Ten or fifteen people crowded together in one cell without sanitation brought predictable results — disease. Very often mass death occurred from an epidemic inside the prison, which the Church declared was God’s “divine retribution” because it proved the guilt of the prisoner.

There was no such thing as medical attention in prison, meaning that ill half-conscience prisoners were left to be eaten alive by the armies of rats swarming the prison cells. Rats in fact, were a useful tool to the Inquisitor, who would, on occasion, order that a prisoner be closely chained to the floor of his or her cell. The rats, accustomed to feeding on human flesh, would then feed on this living meal throughout the night — or days. In fact, the victim, in keeping with the priest’s perverse desires, might have fish oil, or other food smeared on their genitals or breasts in order to provide the rats with a target in their feast. It was all yet another tactic used by the inquisitors to induce the “heretic” to confess their “sin” against the Lamb of God, the “God of love and mercy” who was sitting up in heaven just waiting for the repentant sinner to come to him, as Billy Graham’s theme song proclaims: “Just as I am, without one plea but that thy blood was shed for me and that thou bids me come to thee Oh, Lamb of God, I come I come.”

In time, it became a custom to allow “zealous Christian” men to visit the cells of women prisoners, after they paid a few coins, so that they could, themselves, personally “examine” the accused women. (Walker, op. cit., p. 446.) At this point the condemned women, who usually had been gang-raped and tortured by their inquisitors, were subjected to brutal men who not only raped them, but thought it their God-given duty to inflict further pain and suffering.

That the arrests and tortures often were for sexual gratification can be seen in the case of a priest/inquisitor named Foulques de St. George of Toulouse. The people of Toulouse, thoroughly disgusted with his atrocities, gathered evidence that he arrested women only to rape and torture them. Indeed, the chronicler of Trier, Germany recorded that all the females in two nearby villages were killed by inquisitors in 1586. However, these actions were rare exceptions because to question the Inquisition was a one-way ticket to be arrested, tortured and killed by the Inquisition, which means that almost nothing was done to stem the perverse appetites of the Holy Inquisition.
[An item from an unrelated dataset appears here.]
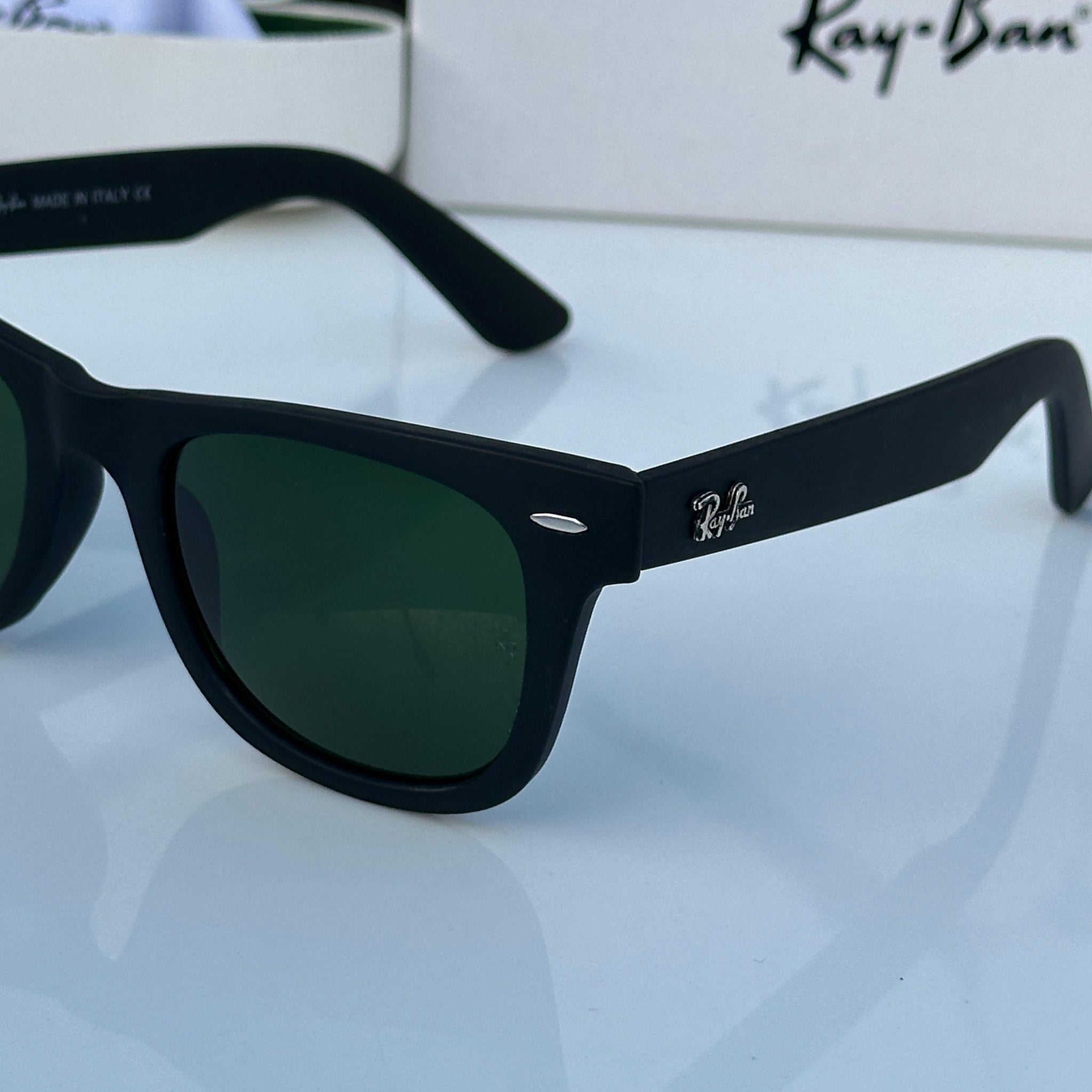 Rayban 2140 Black green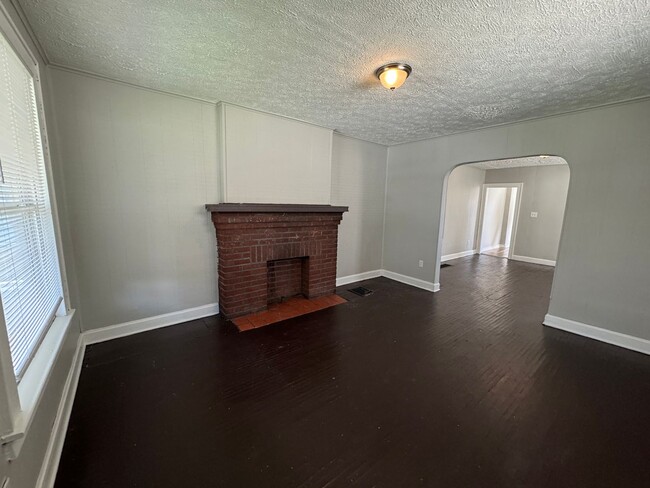 Building Photo - 791-793 E Starr Avenue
In time, the charge of heresy was joined with another charge, which provided a very large number of female victims for Christ’s ministers. It was the charge of witchcraft. Karen Armstrong writes: “The old pagan belief in witchcraft received its Christian baptism in 1484, when Pope Innocent VIII brought out an astonishing Bull, Summa Desiderantes . . .” (Armstrong, The Gospel According to Woman, p. 103.) Innocent officially began the witchcraft hysteria, which was to plague Christendom for centuries to come. The pope empowered two Dominicans, Jacob Sprenger and Heinrich Kramer, to investigate the practice of witchcraft, and the result was a book called Malleus Maleficarum (The Hammer of Witches), which was a handbook to help the Inquisitors uncover witches. Released in 1486, The Hammer of Witches essentially placed full blame for witchcraft on women, while painting men as their victims. For a priesthood that enjoyed arresting, raping, torturing and burning women, this book was a God-send.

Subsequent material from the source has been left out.